Palate: Gentle on the tongue, but a good attack once it hits the throat. Honey, peat, asphalt, buttermilk, and vanilla.
Finish: Long, but not so dynamic. Lots of earth, petrol, hay, cereal, buttermilk, citrus, vanilla, gooseberries, ham, and nuts.
Thoughts: It delivers a hefty dose of peat, as the name promises. Not so nuanced, but certainly punchy. It’s well blended, if a bit too young for my taste. I’ve noticed that a lot of people aren’t too sensitive to young whisky if it’s heavily peated. Too bad I’m not one of them. But in spite of being noticeably young, it’s still something of a guilty pleasure. A big, simple, peat monster. Why not?

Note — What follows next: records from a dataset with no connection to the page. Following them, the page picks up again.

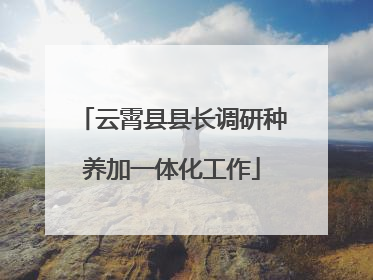 云霄县县长调研种养加一体化工作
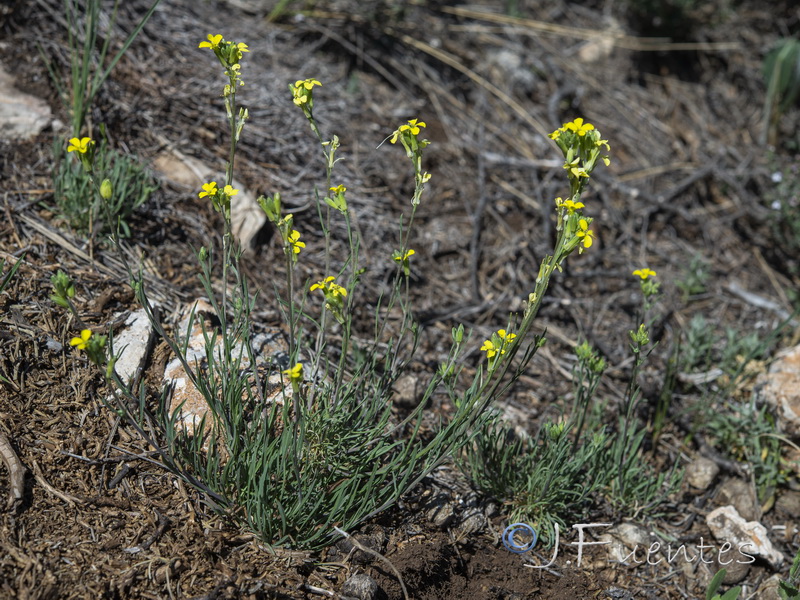 Erysimum fitzii.34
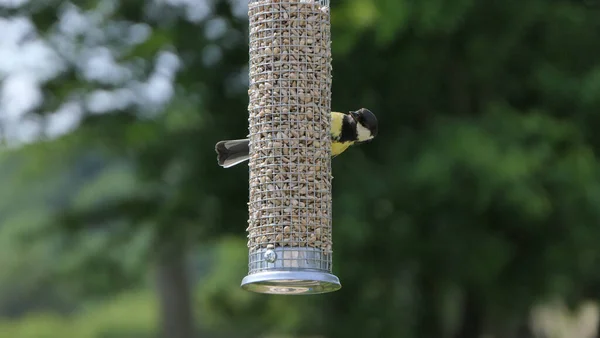 Great Tit Feeding Bird Table — Foto de Stock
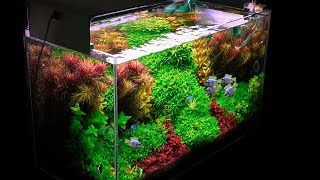 Planted Tank  My Basics for Successful Planted Aquarium Set Up [upl. by Netsirk]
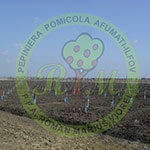 Comercializam pomi fructiferi, arbusti fructiferi, trandafiri si vita-de-vie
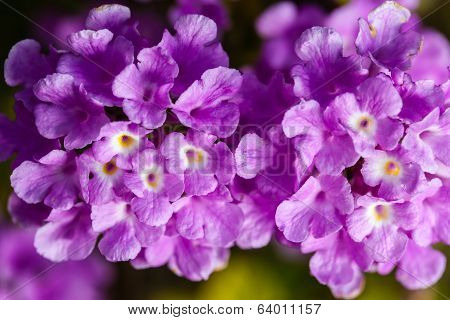 Lantana Montevidensis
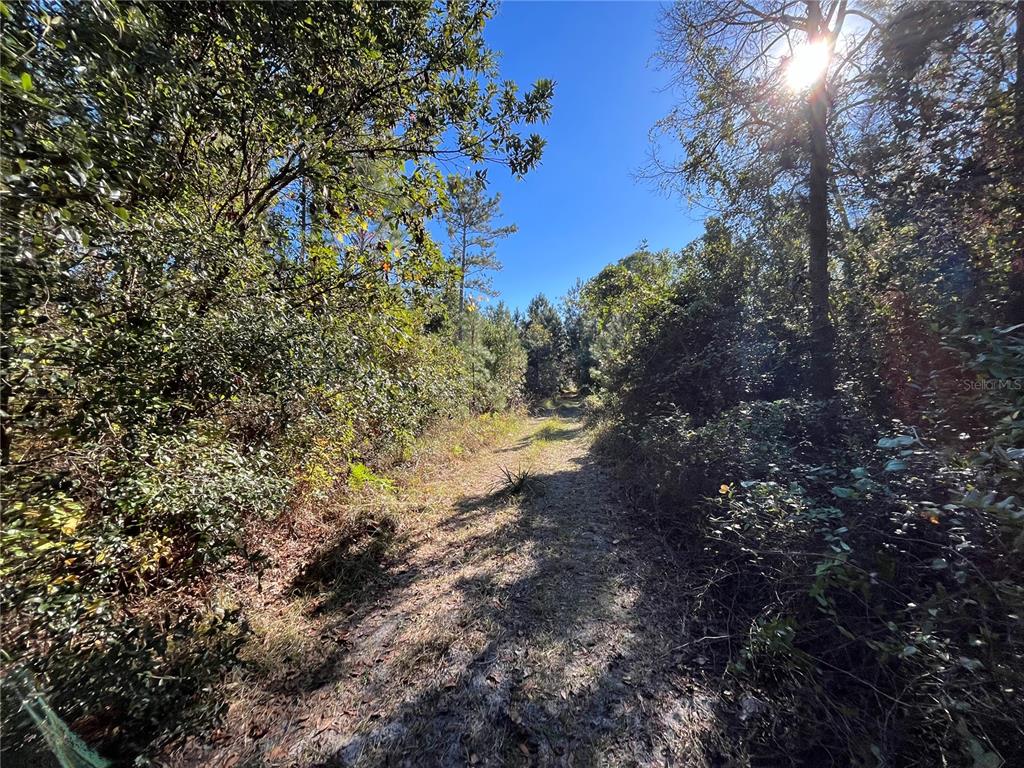 Property for sale at 223 MOURNING DOVE ROAD, SATSUMA, FL, 32189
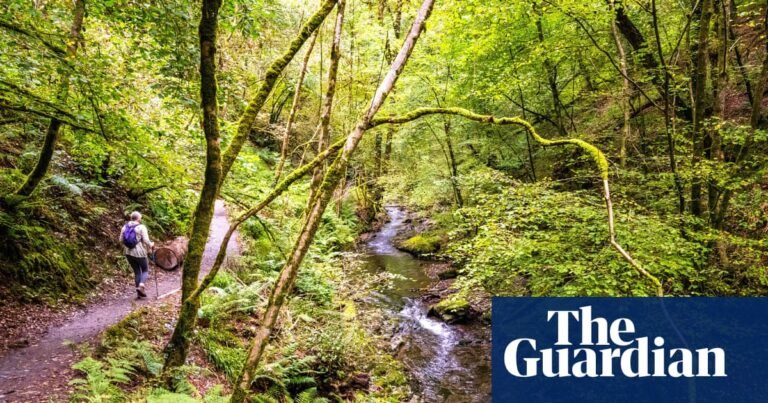 Nearly three-quarters of England’s woods inaccessible to public, study finds | Access to green space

BUT, I should also add that this isn’t for the bang-for-buckers. For the same price, I could buy an Ardbeg Uigeadail, for example. If you contrast such a young, rather unsophisticated blended malt with one of the finest NAS single malts on the market (I think), you might want to think twice. No, it’s not a bad whisky, but know that you’re paying as much for a novelty bottle and a great conversation starter as you are for the whisky itself. Still, I’m sure collectors and proud locals will get a kick out of it. Fun for a one-off, in my case.